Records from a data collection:
########

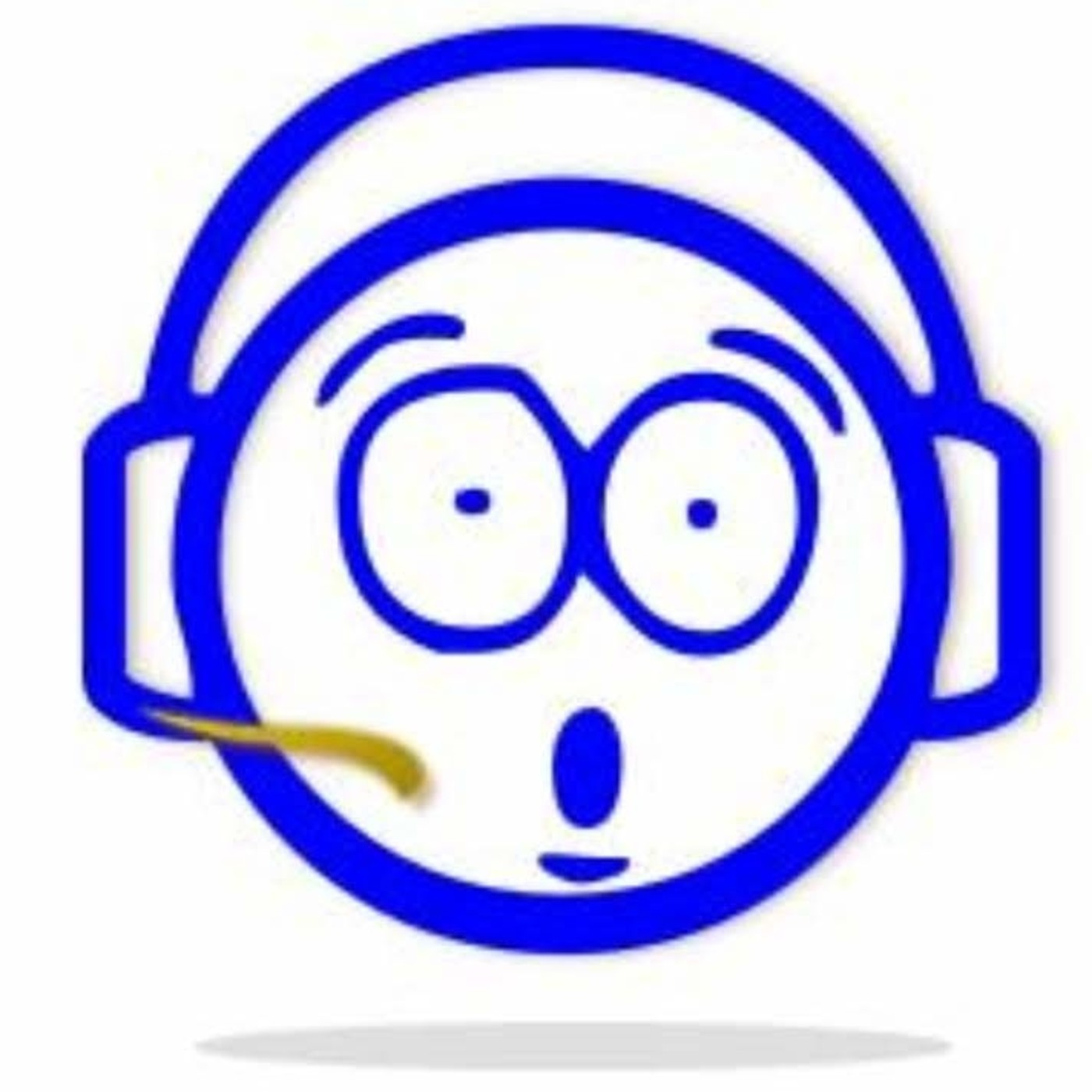 Podcast de ¡Menudo Quilombo!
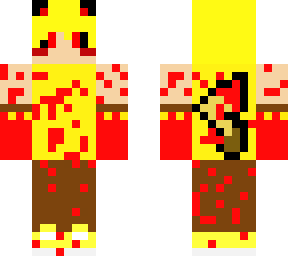 .exe
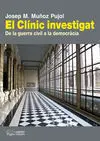 El Clínic Investigat
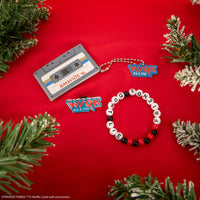 Stranger Things Adventskalender Deluxe 2025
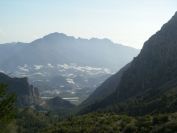 2008-04-04-040-View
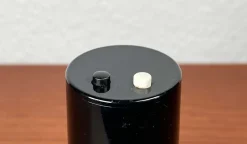 Hot Pamono Postmodern Pepper and Salt Shaker from Ide-Bank, Norway, 1980s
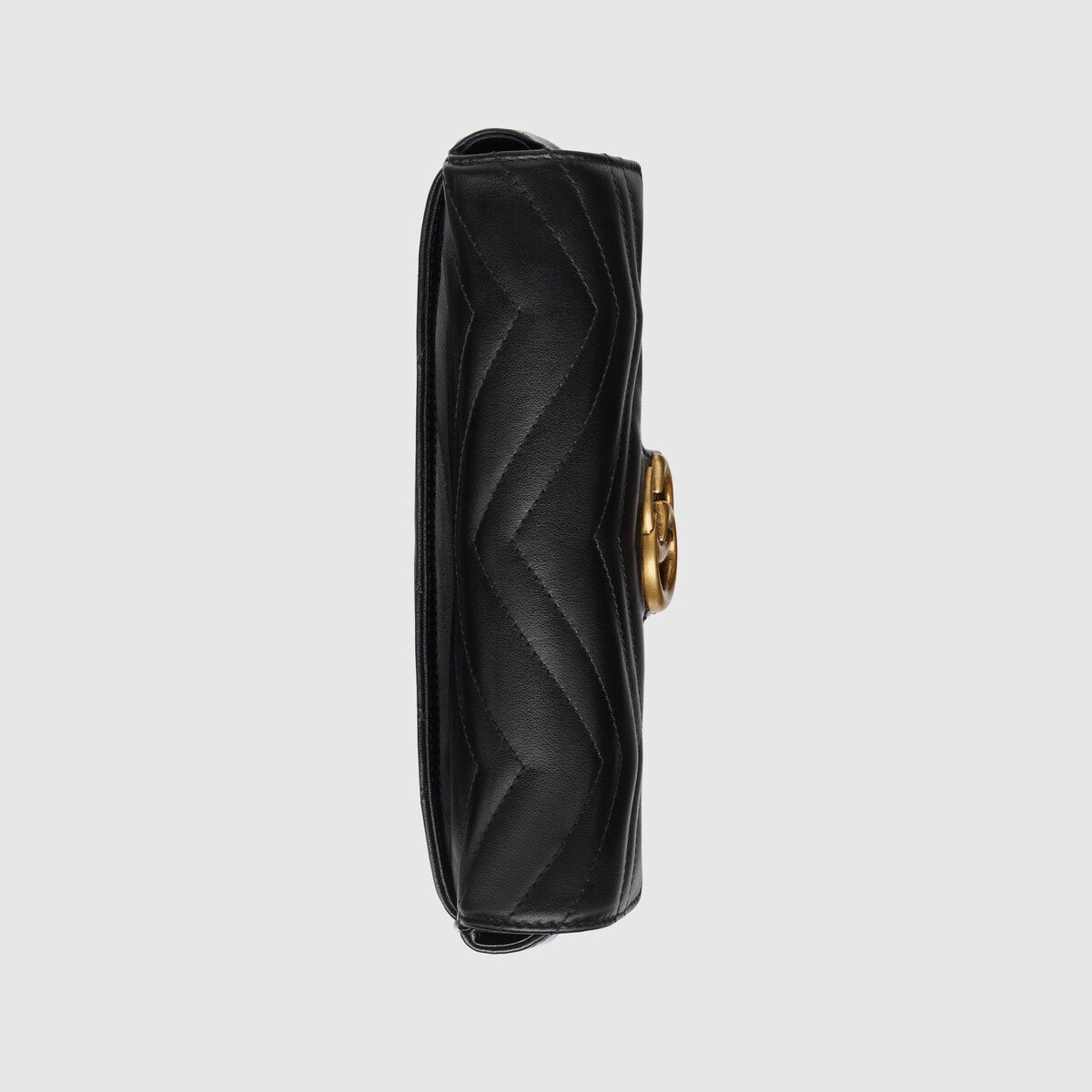 GG Marmont mini bag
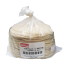 Imagen de TORTILLA TAQUERA TRAVEZADA C/50 PZAS.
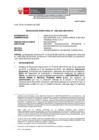 Vista preliminar de documento Resolución-N°-1996-2022-OEFA-DFAIrd2Fm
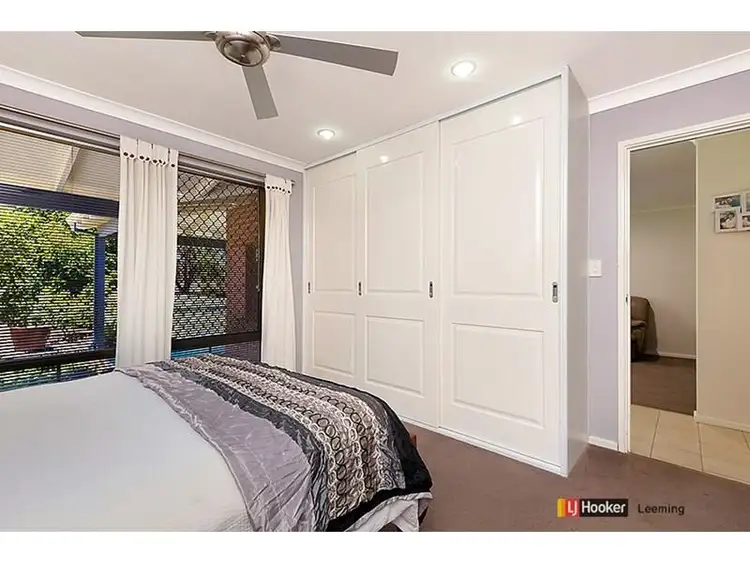 Seventh view of Homely house listing, 10 Stallwood Gardens, Leeming WA 6149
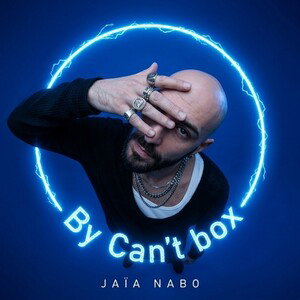 by can't box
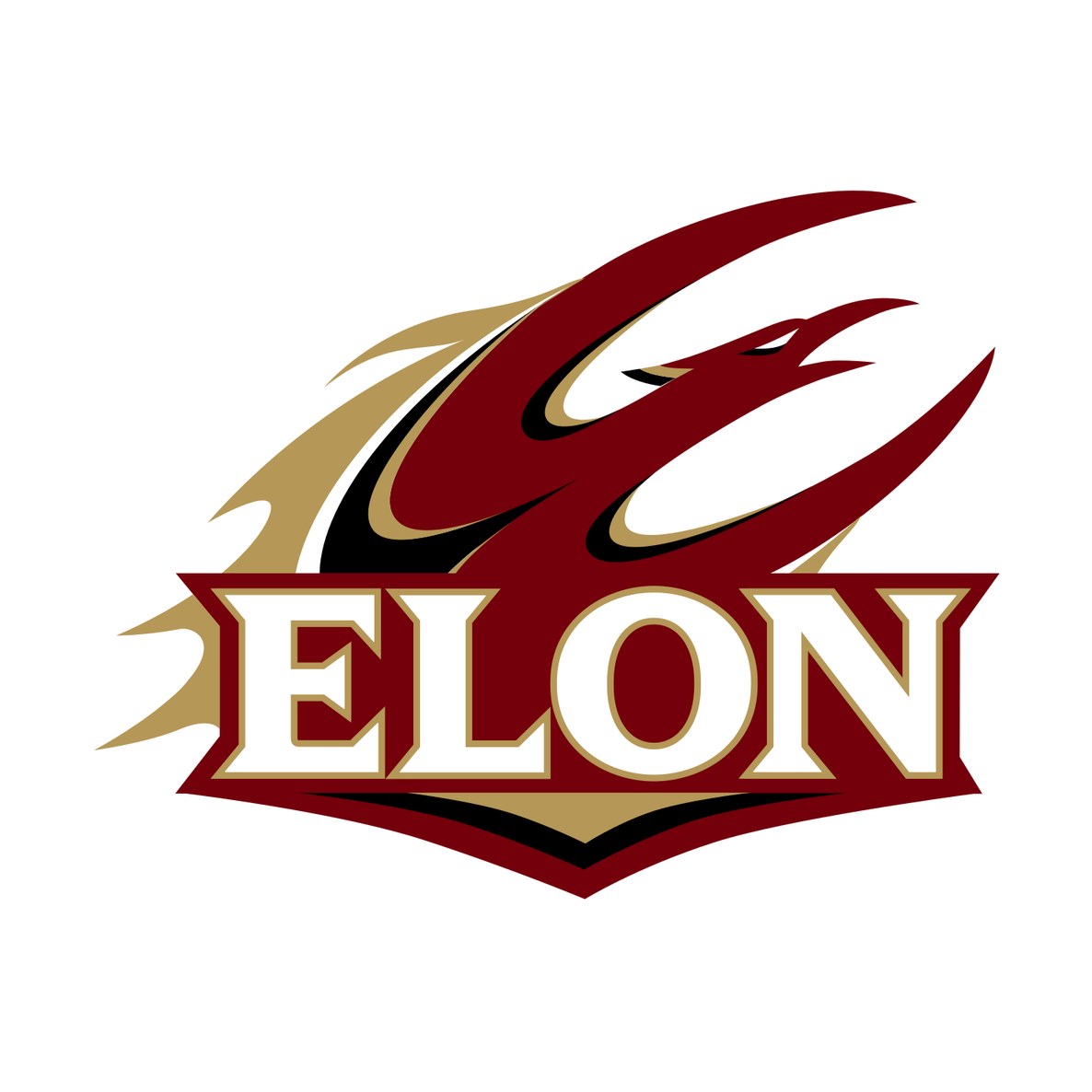 Elon University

########

Action item: Above are the records; set down exactly the lines from the line containing "Stranger Things Adventskalender Deluxe 2025" through their last line, leaving every picture out.

Task response:
 Stranger Things Adventskalender Deluxe 2025
 2008-04-04-040-View
 Hot Pamono Postmodern Pepper and Salt Shaker from Ide-Bank, Norway, 1980s
 GG Marmont mini bag
 Imagen de TORTILLA TAQUERA TRAVEZADA C/50 PZAS.
 Vista preliminar de documento Resolución-N°-1996-2022-OEFA-DFAIrd2Fm
 Seventh view of Homely house listing, 10 Stallwood Gardens, Leeming WA 6149
 by can't box
 Elon University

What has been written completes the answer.